Capítulo 249: Bai Lingfeng, el doble estándar
Por supuesto, Li Bohan no se dejaría conmover por las palabras; simplemente no entendía por qué Chen Fan podía mantener la calma de esa manera.
Habiendo sido acusado injustamente, ¿cómo es posible que aún pueda navegar por Internet y soltar frases tan brillantes?
¿Acaso no siente nada al ver todos esos comentarios negativos en línea?
“¿Crees que si metemos a ese jefe de la familia Li adentro, eso afectará la relación entre ambas familias?”
“Hmm, Bai Lingfeng dijo que no nos preocupáramos; sea cual sea la decisión, no afectará a las dos familias. Dijo que ese tal Li Bohan ni siquiera merece tanta importancia.”
¿Quién hubiera pensado que a Chen Fan realmente no le importa nada?
“Oh, entonces está bien.”
Es una celebridad, ¿de verdad no tiene ningún pudor?

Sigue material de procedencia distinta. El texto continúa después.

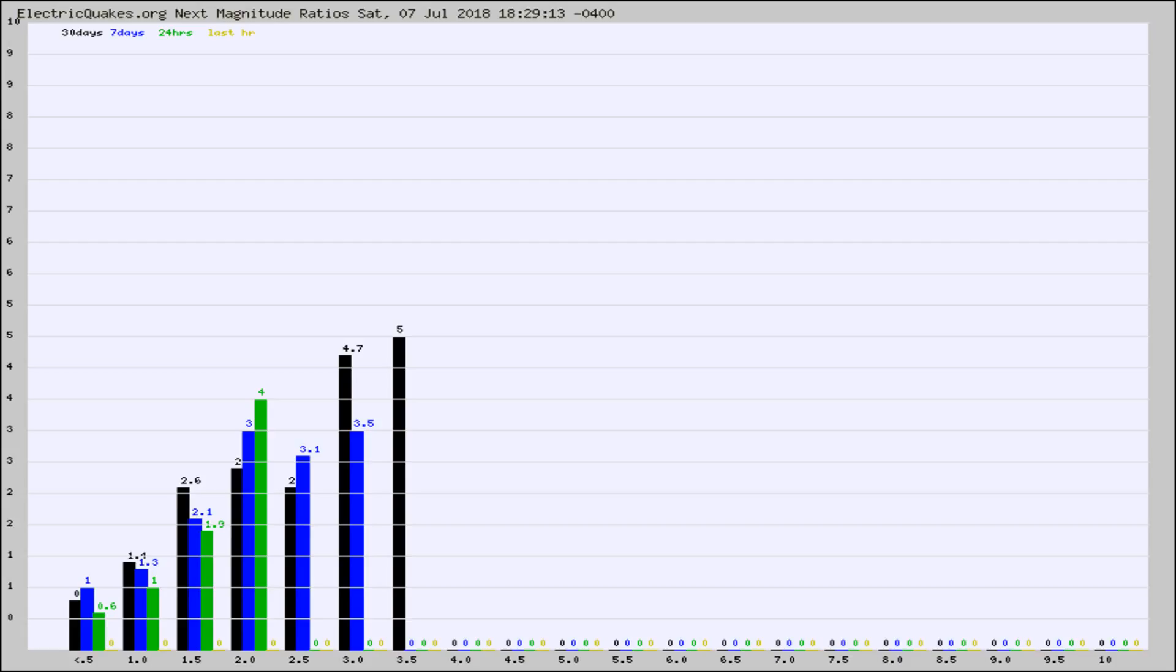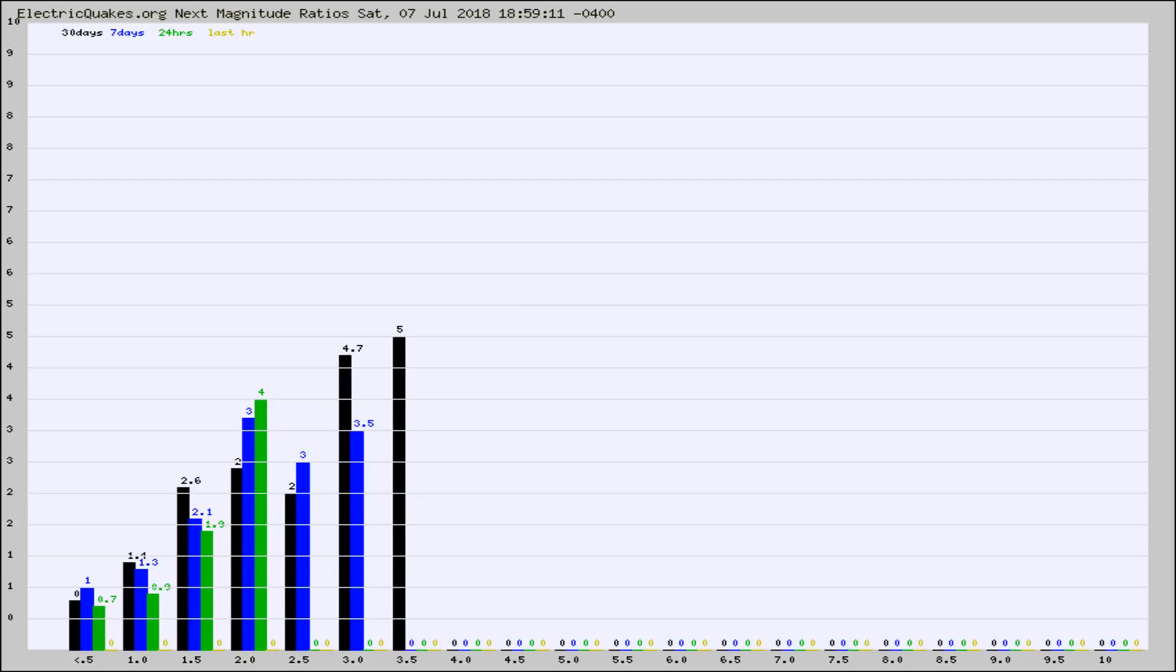Again, the black column is 30 days, blue is 7, green is 24 hours, and gold is in the last hour. Any ratios out of whack will show up as a red column and may indicate a new earthquake might occur at the higher next magnitude.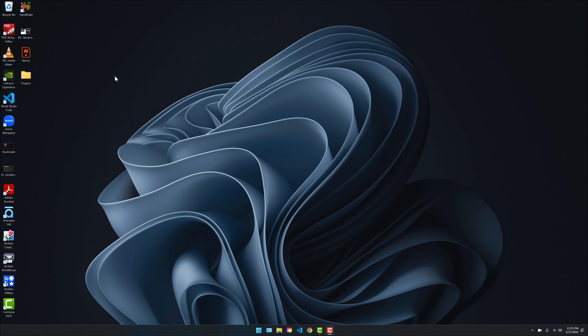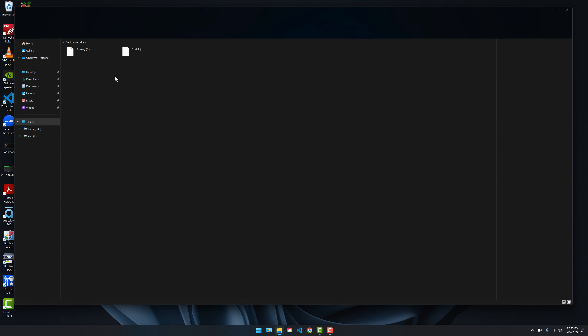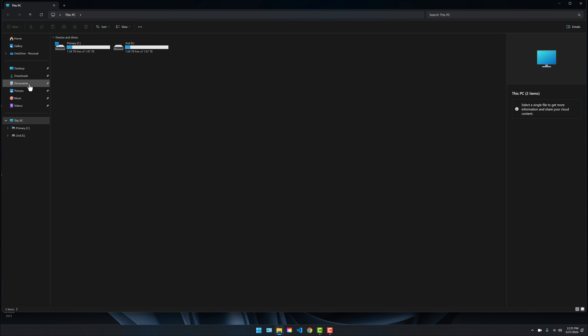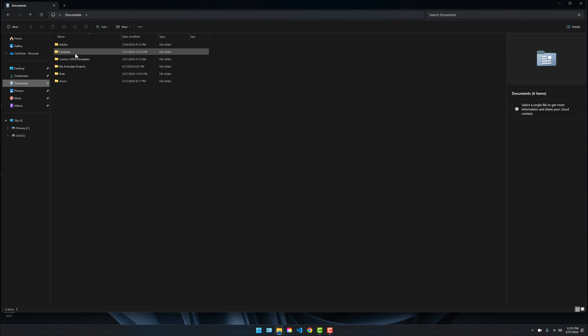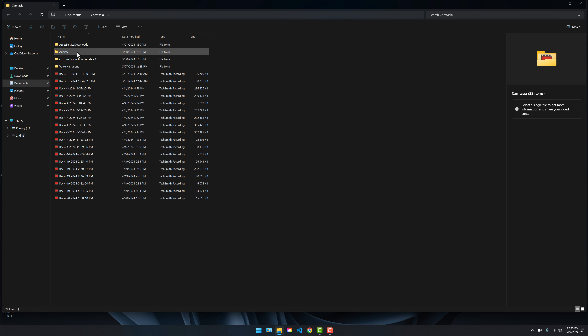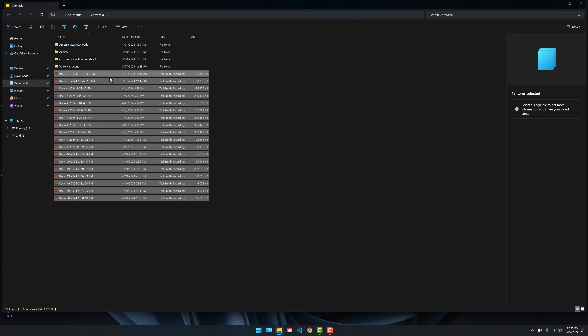Where do you find your Camtasia files? Open up File Explorer, then go to Documents, Camtasia, and these are all your recordings.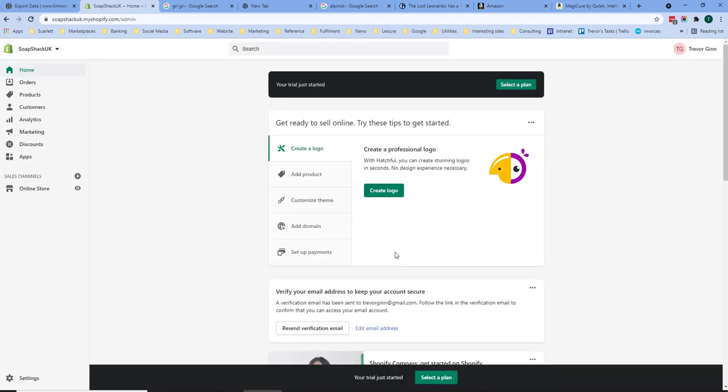The next stage is where you will start to add the details of your store. For example products, set the theme, add a domain and set up the payments.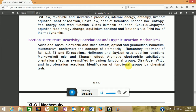The next part is structure-reactivity correlation and organic reaction mechanisms — mainly the organic part of chemistry. The most important topics are SN1, SN2, elimination reactions, Markovnikov's and anti-Markovnikov's rules, the Kharasch effect, and diazotization reactions. They ask about diazotization reactions every year. Also covered is identification of functional groups by chemical tests. Chemistry is worth 25 marks and aptitude is 15 marks.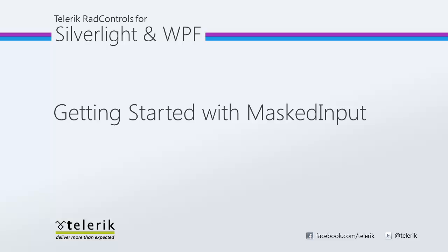Today we're going to take a look at RAD Masked Input. The RAD Masked Input control is part of the Telerik RAD controls for Silverlight and WPF control suite for .NET and XAML development.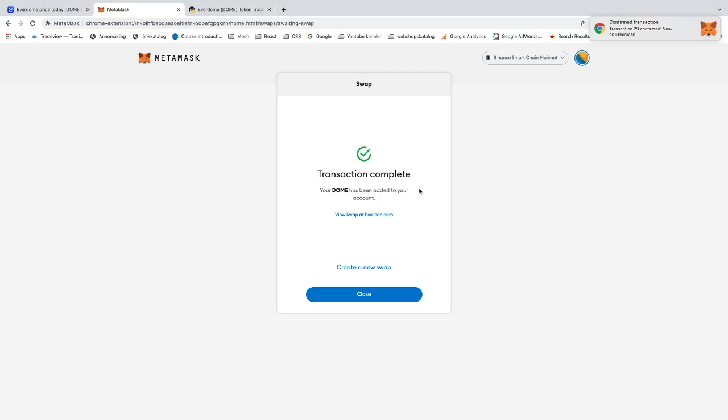Now we have Transaction Complete. You should see your Everdome in your MetaMask. This is how you can buy Everdome using MetaMask. I'm using Ledger Nano X as a hardware wallet, but you can use others as well. Comment below if this worked out for you. Have an awesome day, take care, and bye.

“Mañana al mediodía, a la misma hora, Xinghai publicará una declaración para aclarar las cosas. Recuerda compartirla.”
……
“Está bien.”
No solo Li Bohan piensa así; incluso Peng Jiaxin no esperaba que Chen Fan pudiera estar tan relajado.
“Jiaxin, Xiaofan, ¡es hora de comer!”
Al volver a casa por la noche, al abrir la puerta vio a Chen Fan arrodillado allí, siendo regañado por Lao Chen y Wang Juan. Solo cuando Peng Jiaxin regresó le permitieron levantarse.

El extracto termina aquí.